De besprekingen gingen in het voorjaar van 2008 voortvarend van start, bevestigt regiodirecteur C. H. Beckers van jeugdzorginstelling Entrea. „Wij hadden grote aandacht voor de doorstroming en konden een aantal uitbehandelde jongeren geen langdurig verblijf aanbieden in een gestructuurde orthopedagogische omgeving. Een contract met St. Nicolaas had in die behoefte kunnen voorzien.”

Schwering: „Het gerucht van een mogelijk samenwerkingsverband tussen de jeugdzorg en het internaat zong binnen de kortste keren rond onder gezinsvoogden. Alles bij elkaar heb ik wel zo’n tien plaatsingsverzoeken van voogden gehad. Er waren er die hier bij wijze van spreken op hun knieën naar binnen kwamen. Zo van: Asjeblieft, plaatsen jullie dit kind, want alle jeugdzorginstellingen zitten vol.”

Als de start voortvarend was, de wachtlijst lang en het aanbod groot, rijst de vraag hoeveel uit huis geplaatste kinderen inmiddels in het internaat onderdak hebben gevonden. „Geen tien”, zegt Schwering, met in zijn stem een ondertoon van spijt. Drie vingers van zijn rechterhand gaan langzaam de lucht in. „Terwijl we zo veel kinderen hadden kunnen helpen, zijn het er tot nu toe maar drie.” Of het er binnenkort meer zullen worden? Schwering: „Daar ziet het niet naar uit.”

Kostprijs

Over de vraag waarom het plan geen vaste vorm heeft gekregen, laat Schwering zich liever niet uit. „Voor je het weet gaan we met een beschuldigend vingertje naar elkaar wijzen. Laten we dat niet doen.” De internaatsdirecteur wil wel kwijt dat bij het aftasten van de mogelijkheid van een samenwerkingsovereenkomst geld een rol speelde.

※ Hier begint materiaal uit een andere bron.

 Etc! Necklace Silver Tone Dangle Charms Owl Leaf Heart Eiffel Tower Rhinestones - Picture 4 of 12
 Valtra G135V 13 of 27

„Hoewel wij geen intensieve orthopedagogische zorg in onze kostprijs hoeven door te berekenen, moet ook een verblijfplaats in een instelling als de onze worden gefinancierd, in dit geval door de provinciale jeugdzorginstellingen die de kinderen bij ons zouden plaatsen. Dat betekende dat Entrea bij de provincie een verzoek om capaciteitsuitbreiding moest doen. Voor zover mij bekend is dat ook gebeurd, maar heeft de provincie Entrea vervolgens gevraagd met een nadere onderbouwing van dat verzoek te komen. Ik vrees dat het project ergens in die fase is gestrand.”

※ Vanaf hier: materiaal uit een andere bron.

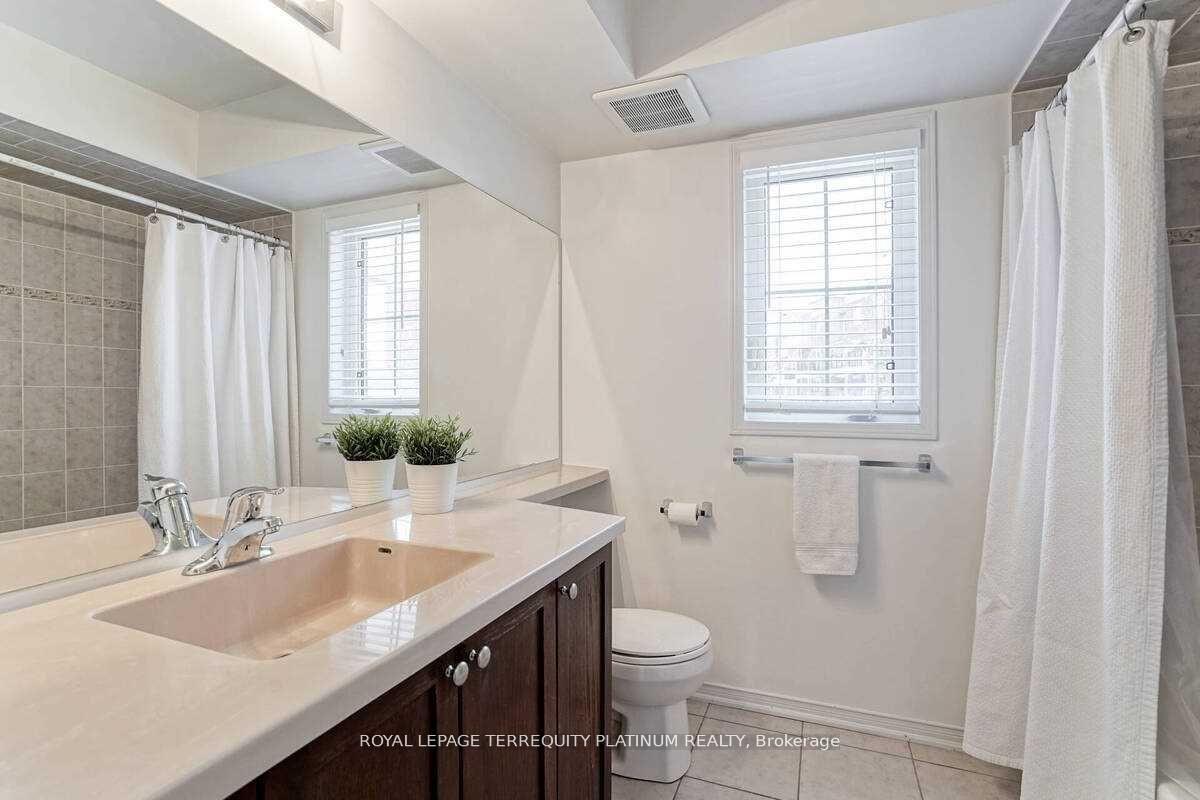 Photo 14 of Unit 23, 2468 Post Road, Oakville, River Oaks — HOMEH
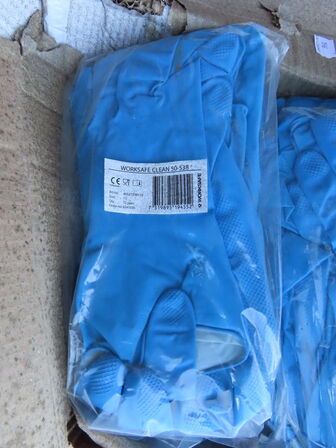 Palle med diverse plastikhandsker samt 3 kasser klosetvæske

Schwering noemt het mislukken van de plannen buitengewoon spijtig. „Ik zie het als een gemiste kans. Drie weken geleden kreeg ik opnieuw een plaatsingsverzoek van een voogd, voor Kjeld, een uit huis geplaatste jongen van 14. Zijn moeder heeft een beperking, zijn vader teelde illegaal wiet en is door de woningcorporatie uit zijn huis gezet. Op grond van zijn dossier hadden we hem hier kunnen plaatsen. Maar ik moet nee zeggen, we krijgen de financiering niet rond.”

Kortdurende hulp

Regiodirecteur Beckers van jeugdzorg­instelling Entrea erkent dat de samenwerking met St. Nicolaas bijna twee jaar na de voortvarende start niet van de grond is gekomen. „Op zich is dat jammer, maar ik zeg dat niet in verwijtende zin.”

Een harde raming van het aantal kinderen dat vanuit de jeugdzorg naar het internaat zou kunnen doorstromen om op die manier de druk op de wachtlijst te verkleinen, kon Entrea niet geven, benadrukt Beckers. „Dan hadden we moeten definiëren wanneer we vinden dat een kind in de jeugdzorg is uitbehandeld en daarover bestaat nog weinig eenduidigheid.”

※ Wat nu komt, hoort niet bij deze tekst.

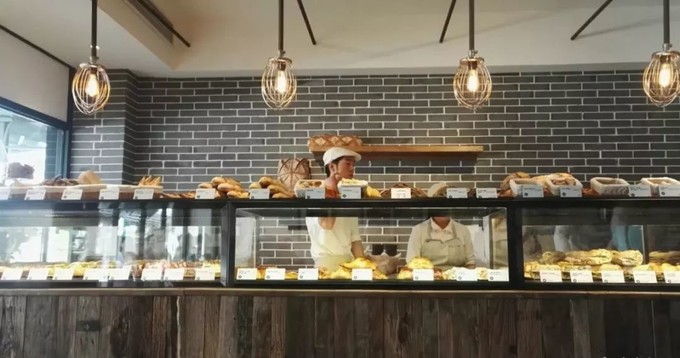 网红蛋糕店装修图片 db17d1badfd34bca9c8b4768453353c2.jpeg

Dat de provincie zo’n onderbouwing toch wil hebben, vindt Entrea begrijpelijk, aldus Beckers. „Zij kunnen het schaarse budget voor de jeugdzorg maar één keer uitgeven. Net als andere provincies zet Gelderland vooral in op het wegwerken van wachtlijsten door te investeren in de kortdurende, ambulante hulp aan huis.”

Natuurlijk blijft Entrea ambitieus om kinderen die in de jeugdzorg niet op hun plek zijn extern te plaatsen, verzekert Beckers. „Binnenkort overleggen we weer met de provincie hoe we dat zo verantwoord mogelijk kunnen doen.”

In een laatste poging het oude plan alsnog van de grond te krijgen, vroeg internaatsdirecteur Schwering afgelopen juli per brief een onderhoud aan met minister Rouvoet. Daarop kreeg hij van de bewindsman „een vriendelijk briefje” terug. Inderdaad, hij heeft alle provincies gesuggereerd om „capaciteit in schippersinternaten in te zetten” om de wachtlijsten terug te dringen, zo schrijft Rouvoet in de brief die hij in kopie „aan alle gedeputeerden en bestuurders” heeft verzonden. „Het is evenwel aan de provincies om hierover een besluit te nemen (…). Ik wil u bedanken dat u mij over uw situatie informeert.”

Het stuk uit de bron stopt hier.